Une marche pour commémorer le 50e anniversaire du "Bloody Sunday", le 30 janvier 2022 à Londonerry, en Irlande du Nord

Une marche pour commémorer le 50e anniversaire du "Bloody Sunday", le 30 janvier 2022 à Londonerry, en Irlande du Nord - PAUL FAITH © 2019 AFP

Pour la première fois, le procès d’un ancien soldat britannique accusé de deux meurtres et de cinq tentatives de meurtre lors du "Bloody Sunday" s’ouvre ce lundi 15 septembre à Belfast, capitale de l’Irlande du Nord.
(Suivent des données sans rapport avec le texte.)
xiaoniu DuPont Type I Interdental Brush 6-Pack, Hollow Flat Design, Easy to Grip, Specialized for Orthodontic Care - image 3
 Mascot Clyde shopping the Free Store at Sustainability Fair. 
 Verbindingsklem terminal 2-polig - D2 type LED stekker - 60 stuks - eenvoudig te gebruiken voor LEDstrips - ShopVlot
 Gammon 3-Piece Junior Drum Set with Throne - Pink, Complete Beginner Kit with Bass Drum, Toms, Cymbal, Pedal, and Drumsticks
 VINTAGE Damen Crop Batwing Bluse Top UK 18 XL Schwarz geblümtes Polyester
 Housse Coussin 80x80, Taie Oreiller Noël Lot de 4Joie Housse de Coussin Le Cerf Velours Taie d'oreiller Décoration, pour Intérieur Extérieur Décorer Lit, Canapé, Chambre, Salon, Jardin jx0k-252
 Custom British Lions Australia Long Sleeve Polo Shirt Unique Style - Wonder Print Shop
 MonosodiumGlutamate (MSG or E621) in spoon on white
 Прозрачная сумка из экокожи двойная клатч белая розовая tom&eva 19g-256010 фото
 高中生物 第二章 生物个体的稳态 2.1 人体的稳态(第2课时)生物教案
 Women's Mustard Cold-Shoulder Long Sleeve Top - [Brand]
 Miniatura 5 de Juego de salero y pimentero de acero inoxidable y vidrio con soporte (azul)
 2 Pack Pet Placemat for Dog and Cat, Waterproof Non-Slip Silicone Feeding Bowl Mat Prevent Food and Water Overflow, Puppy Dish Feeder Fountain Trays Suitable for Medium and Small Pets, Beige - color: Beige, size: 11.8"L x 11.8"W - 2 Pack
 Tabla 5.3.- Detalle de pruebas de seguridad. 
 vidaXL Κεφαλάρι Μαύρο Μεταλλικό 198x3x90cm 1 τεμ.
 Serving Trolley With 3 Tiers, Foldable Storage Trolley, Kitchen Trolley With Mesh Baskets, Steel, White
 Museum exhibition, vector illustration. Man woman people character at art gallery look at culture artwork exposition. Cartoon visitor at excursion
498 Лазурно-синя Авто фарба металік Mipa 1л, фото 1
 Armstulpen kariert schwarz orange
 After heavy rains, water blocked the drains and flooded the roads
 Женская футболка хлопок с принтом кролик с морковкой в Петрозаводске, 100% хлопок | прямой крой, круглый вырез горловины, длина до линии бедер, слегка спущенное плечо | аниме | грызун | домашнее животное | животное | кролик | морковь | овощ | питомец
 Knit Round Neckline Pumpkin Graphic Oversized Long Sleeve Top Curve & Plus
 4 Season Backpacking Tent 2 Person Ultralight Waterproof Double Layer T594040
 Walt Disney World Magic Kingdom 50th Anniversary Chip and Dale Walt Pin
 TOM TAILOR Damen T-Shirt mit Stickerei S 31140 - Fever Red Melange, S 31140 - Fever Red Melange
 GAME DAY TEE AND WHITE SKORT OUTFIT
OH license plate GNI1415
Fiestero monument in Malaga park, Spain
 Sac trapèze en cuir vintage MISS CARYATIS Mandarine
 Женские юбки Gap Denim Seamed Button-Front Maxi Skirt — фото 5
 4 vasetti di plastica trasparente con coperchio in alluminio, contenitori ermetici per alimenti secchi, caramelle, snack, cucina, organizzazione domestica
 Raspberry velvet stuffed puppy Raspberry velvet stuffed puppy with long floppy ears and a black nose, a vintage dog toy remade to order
Cet épisode tragique, survenu en 1972, est l’un des plus marquants du conflit nord-irlandais qui a secoué la région pendant plusieurs décennies.

Plus de 50 ans après les faits, un ancien soldat britannique est jugé à partir de ce lundi 15 septembre à Belfast (Irlande-du-Nord) pour deux meurtres et cinq tentatives de meurtre lors du "Bloody Sunday", l'un des épisodes les plus sanglants des trois décennies du conflit nord-irlandais.

Aucun soldat n'a jusque-là été jugé pour ce "dimanche sanglant", le 30 janvier 1972 à Londonderry, ville également connue sous le nom de Derry, quand des parachutistes britanniques avaient ouvert le feu sur une manifestation pacifique de militants catholiques, faisant 13 morts.

Le "soldat F" face à la justice, 53 ans après le drame

L'armée britannique avait affirmé que les parachutistes avaient répondu aux tirs de "terroristes" de l'IRA (Armée républicaine irlandaise, paramilitaires opposés à toute présence britannique sur l'île d'Irlande), une version alors confortée par un rapport réalisé à la hâte.

Malgré tous les témoignages contredisant cette version, il a fallu attendre 2010 pour que soit officiellement reconnue l'innocence des victimes, atteintes pour certaines dans le dos ou même à terre, agitant un mouchoir blanc.

Surnommé "soldat F", l'ancien parachutiste jugé à partir de lundi est accusé de deux meurtres, ceux de James Wray et William McKinney, et de cinq tentatives de meurtre, lors de la répression de ce rassemblement. En décembre, il avait plaidé non coupable devant le tribunal de Belfast.

Il était dissimulé derrière un rideau pour protéger son anonymat, qu'il conservera également pendant toute la durée du procès. Cette protection a été accordée par le juge, ses avocats craignant pour sa sécurité. Une manifestation est prévue à l'extérieur du tribunal lundi avant l'ouverture du procès.

"Nous avons attendu 53 longues années pour que justice soit faite et, espérons-le, nous obtiendrons satisfaction grâce à ce procès", a déclaré Tony Doherty, dont le père Patrick figurait parmi les victimes du Bloody Sunday, au média local Derry Now.

Le parquet nord-irlandais avait engagé des poursuites pénales contre "soldat F" en 2019. Elles avaient ensuite été abandonnées, puis relancées en 2022.

Le "Bloody Sunday", tournant tragique du conflit nord-irlandais

Le massacre du "Bloody Sunday"-immortalisé par le tube du groupe de rock irlandais U2 "Sunday Bloody Sunday" (1983)-avait eu pour effet de précipiter de nombreux jeunes catholiques républicains dans les bras de l'IRA.

Il est l'un des moments les plus sombres des trois décennies de "Troubles" qui ont opposé républicains, surtout catholiques, partisans d'une réunification avec l'Irlande, et unionistes protestants, défenseurs de l'appartenance de l'Irlande du Nord à la Couronne britannique. Il faudra attendre 1998 pour que l'accord de paix du Vendredi Saint mette un terme à ce conflit qui a fait quelque 3.500 morts.

En 2010, à la suite de la plus longue et la plus coûteuse enquête publique de l'histoire britannique qui avait reconnu l'innocence des victimes du "Bloody Sunday", le Premier ministre de l'époque, David Cameron, avait présenté des excuses officielles, qualifiant d'"injustifiables" les faits survenus ce jour-là.

Depuis la fin du conflit nord-irlandais, seul un ancien soldat britannique a été condamné: début 2023, une peine de trois ans avec sursis a été prononcée contre David Holden, qui avait tué un homme d'une balle dans le dos à un check-point en 1988. Il avait expliqué avoir tiré par accident car il avait les mains mouillées.